Public hospital emergency departments are trying to attract more new graduates to combat a shortage of doctors.
The shortage, compounded by an increase in both the number of patients treated and procedures offered, has left the city's 15 major accident and emergency departments struggling to meet their targets for urgent care.
"Our department is not so attractive to fresh graduates compared to other specialties," the chairman of the authority's accident and emergency central co-ordinating committee, Dr Simon Tang Yiu-hang, said. "We do not offer internships to graduates, and they do not have many chances to get in touch with us."
The proportion of urgent cases being seen within 30 minutes last year fell below the 90 per cent pledged by the authority.
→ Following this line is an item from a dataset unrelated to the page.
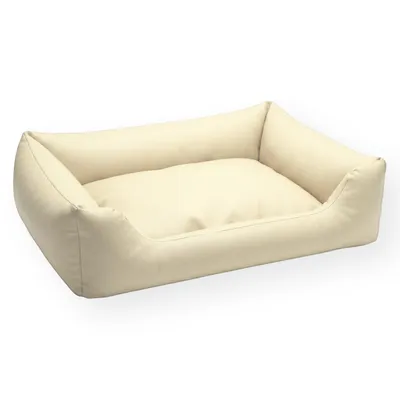 Produktbild von 4L Textil Mario Orthopädisches Hundebett aus Kunstleder Beige 120x90 cm Memory Foam Robust Wasserabweisend Für Große Hunde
Tang said that this was not only due to the manpower shortage, but that the city's ageing population, an increase in the variety of procedures emergency departments were expected to perform and a "fragmented patient flow" were also to blame. The number of accident and emergency doctors fell to 410 last year from 423 five years ago.
Tang said he hoped providing internships would ease the mounting pressure on emergency departments.
The number of people visiting accident and emergency departments tends to increase during cold weather, the flu season and holiday periods, especially the Lunar New Year. On Saturday, the second day of the Lunar New Year, 6,578 patients visited emergency departments at the 15 hospitals, up from 5,021 the day before. This rose to 6,704 on Sunday, prompting Tang to appeal for people with minor illnesses to consider outpatient clinics. The number fell to 5,813 the next day.
"Making an appeal through the media really works, but the effect lasts only for a few days," Tang said.
Patients are divided into five categories based on the urgency of their conditions, with service promises for the first three categories.
The first category, "critical" patients, should be seen immediately; 95 per cent of the second category, "emergency", should be seen within 15 minutes; and 90 per cent of the third category, "urgent", within 30 minutes.
"We have no problem with the first two categories, but we're concerned that category three has been showing a worsening trend," Tang said.
The percentage of these patients seen within half an hour fell from 91 in the year 2011 to 2012 to 84 the following year - the lowest in a decade.
Category three includes patients suffering from ailments such as chest pain or shortness of breath due to asthma.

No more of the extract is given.